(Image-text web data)
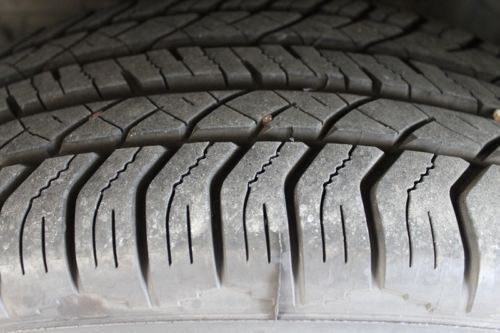 ENVY-AUTOMOTIVE.COMM 2006 TOYOTA RAV4 LIMITED EDITION V6 FOG LIGHTS ALLOYS CD, US $13,495.00, image 82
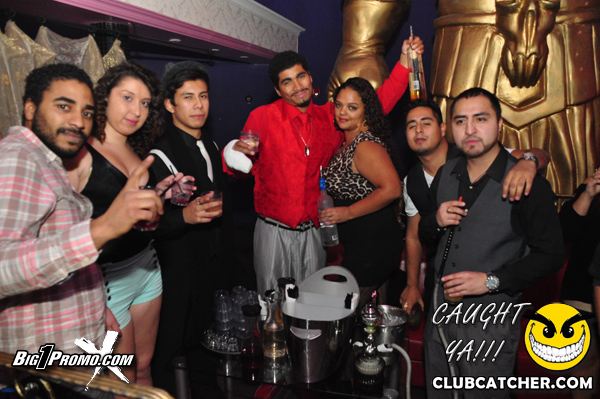 Luxy nightclub photo 60 - November 22nd, 2013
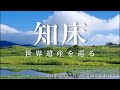 channel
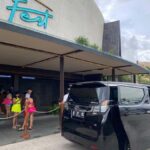 Bali: Beach Club Day Tour with Luxury Experience - What’s Included & Practical Details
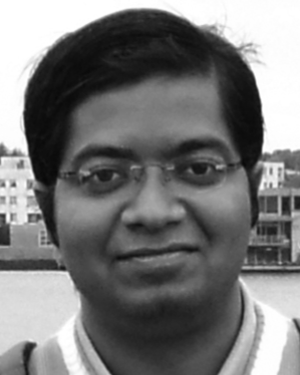 Vaibhav Gupta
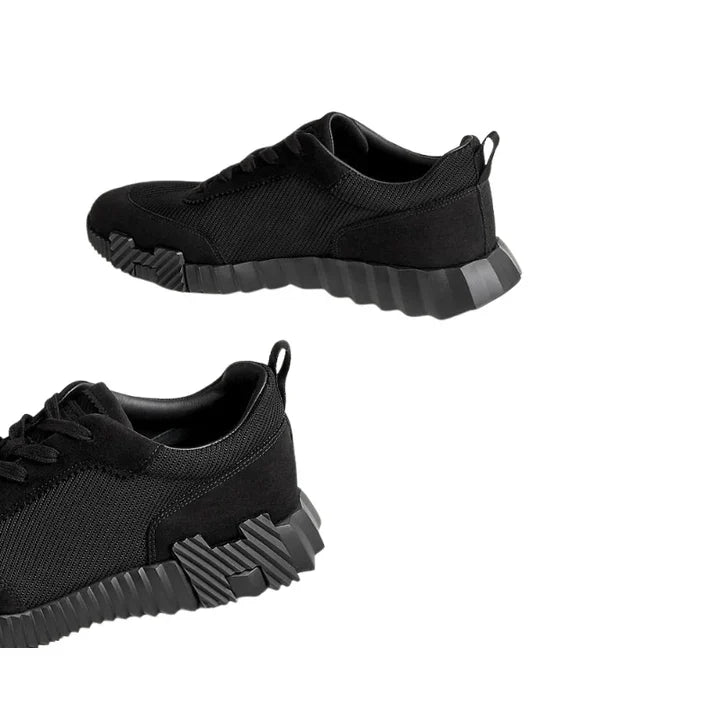 Hermès Bouncing 'Triple Noir'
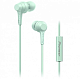 Гарнитура Pioneer SE-C1T-GR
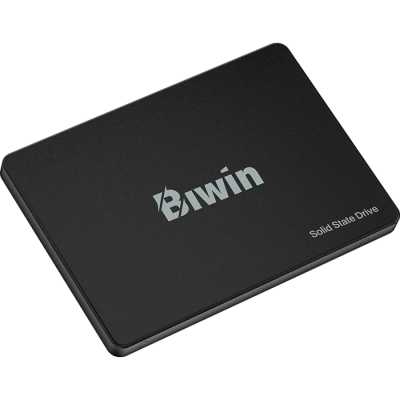 Biwin M100 1Tb BM100NN01TB-RGX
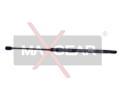 MAXGEAR Pneumatick vzpra kapoty motoru MXG 12-0158, 12-0158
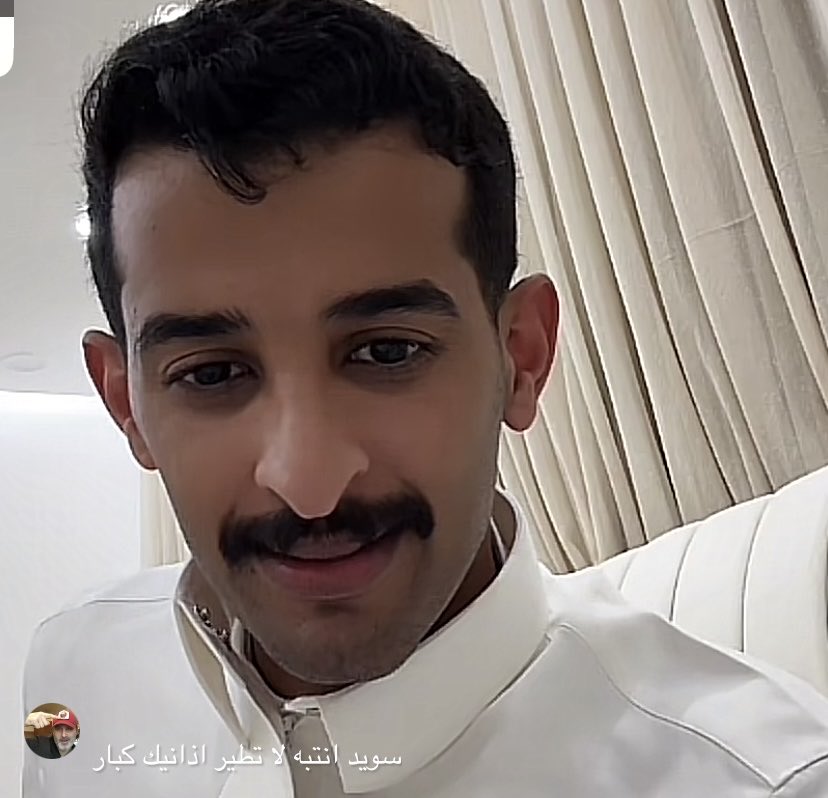 َ tweet media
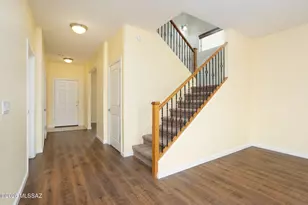 6732 S Blue Wing Dr, Tucson, AZ 85757 - Photo 4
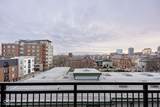 630 College Avenue - Photo 28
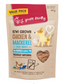 YD Chicken & Mackerel Puppy Treats 220g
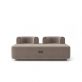 Купити Sofa modular PLUMP від MAIIMO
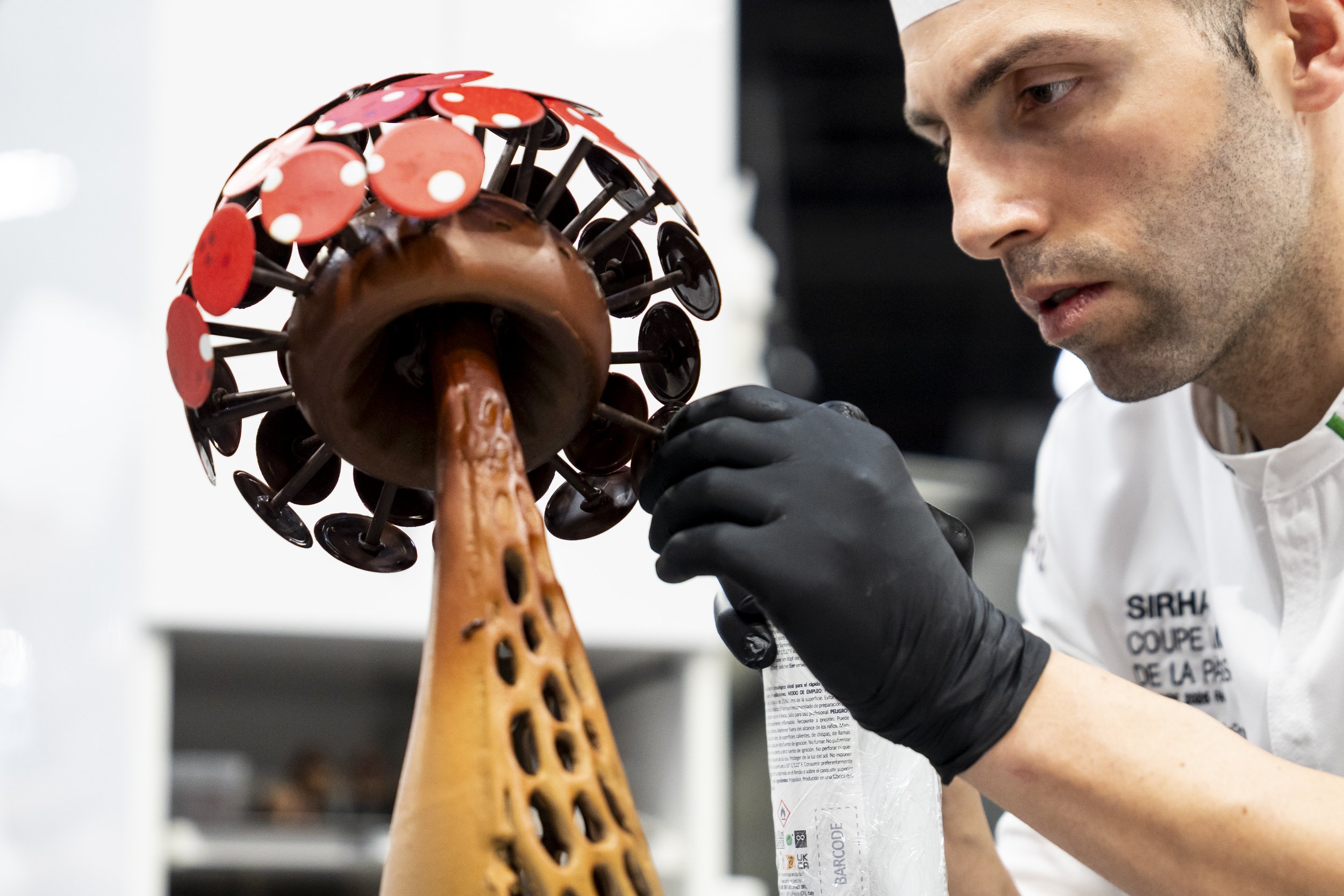 CMP EUROPE 2026 - ©NicolasReynaud-19.jpg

Task: The lines from the one holding "YD Chicken & Mackerel Puppy Treats 220g" through the end of the entries are to be transcribed exactly, both ends included, with the pictures left out.

Solution for this exercise:
 YD Chicken & Mackerel Puppy Treats 220g
 Купити Sofa modular PLUMP від MAIIMO
 CMP EUROPE 2026 - ©NicolasReynaud-19.jpg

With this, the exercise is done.